How Alexander Hamilton Worked

Hamilton the Federalist

These dueling pistols belonged to politician and diplomat Rufus King, who was a signer of the Constitution and a United States senator from New York. The flintlock pistols are similar to the pair used in 1804 when Alexander Hamilton was mortally wounded.
H.W. Mortimer & Company/The New York Historical Society/Getty Images

With the deadlocked political climate in the United States today, it's nice to think of its Founding Fathers as friends who rose above petty politics to work together and create a great democracy. But that simply wasn't the case. These men spread rumors, hurled insults and fought one another's success at every turn — and Alexander Hamilton was no exception. It was this nastiness that actually killed him.

Americans have George Washington's cabinet to thank for their two-party system, though Washington himself hated the idea of political factions. Hamilton and his supporters became part of the Federalist Party, which believed in a strong central government, a country built on industry and a closer relationship with Britain. This put him in conflict with the small-government, agriculture-friendly, pro-French Republicans like fellow cabinet member Thomas Jefferson. While Hamilton left public office for good when he resigned as Treasury secretary in 1795 (aside from a short stint as inspector-general of the Army), he remained heavily involved in Federalist politics [source: PBS, Alexander Hamilton].
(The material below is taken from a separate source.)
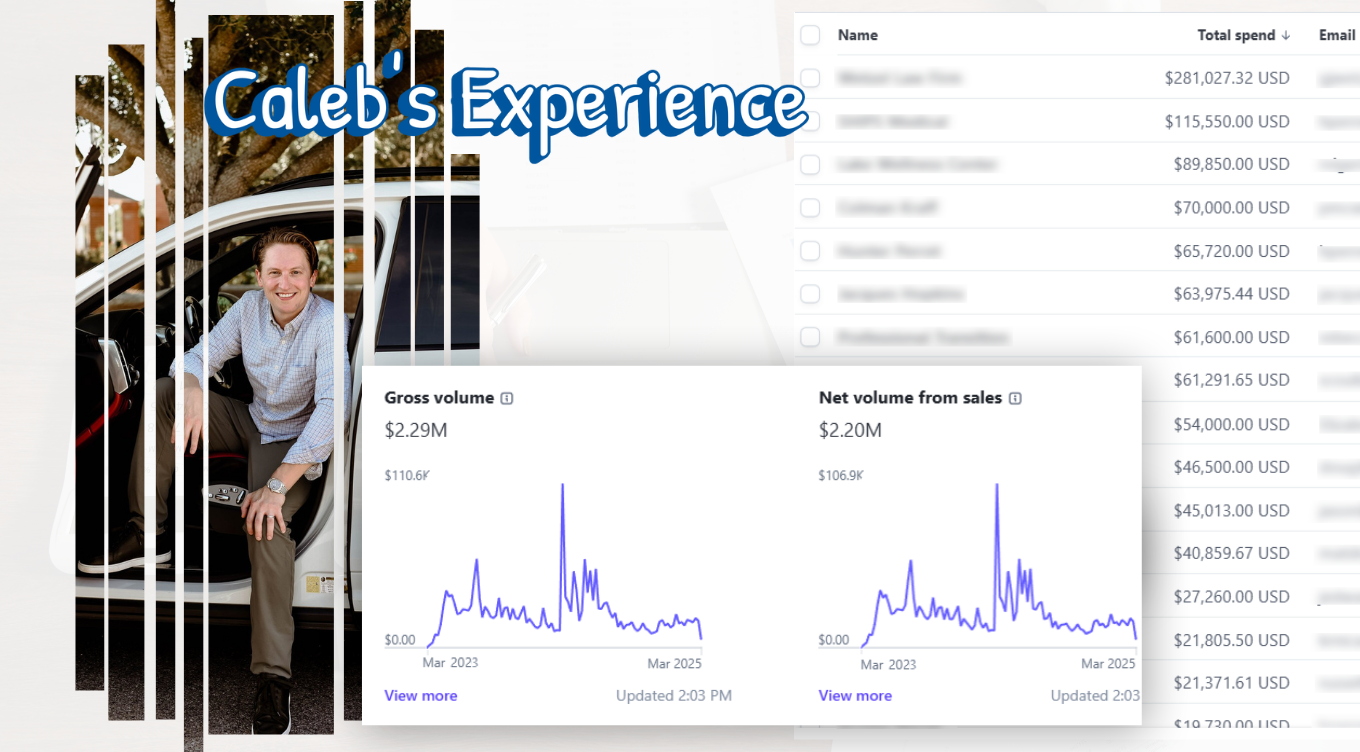 AI SEO Mastery Pro By Caleb Ulku – Free Download Course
Hamilton broke ranks with his party in 1796 to oppose Federalist John Adams' bid to succeed Washington as president. His efforts failed, but this disdain for Adams probably cost the country's second president a second term in 1800. That's because one of the Republican candidates in that election, Aaron Burr, released a private document in which Hamilton was strongly critical of Adams. This split the Federalist Party, allowing Republicans Jefferson and Burr to finish tied for electoral votes at the top of the ballot. With the tiebreaker now up to Congress, Hamilton then threw his support behind Jefferson, who eventually won. Burr finished second, which, back in those days, meant he became vice president [source: PBS, Alexander Hamilton].
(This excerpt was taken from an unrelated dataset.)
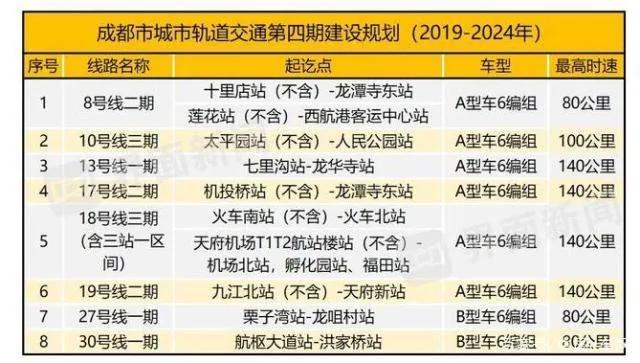 汽车销售服务 第357页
Hamilton and Burr got into it again when Burr ran for governor of New York in 1804. The former Treasury secretary made it his mission to destroy Burr, speaking out against the vice president at every opportunity. Burr lost, and upon hearing that Hamilton had expressed a "despicable opinion" of him at a dinner party, he became enraged and challenged his Federalist foe to a duel. The two faced each other at Weehawken, New Jersey, on July 11, 1804. After drawing their weapons, Hamilton reportedly fired over Burr's head to give him a moment to "pause and reflect." But Burr didn't return the gesture. Hit, Hamilton fell to the ground and died the next day [sources: PBS, Alexander Hamilton and Aaron Burr's Duel, Dunn].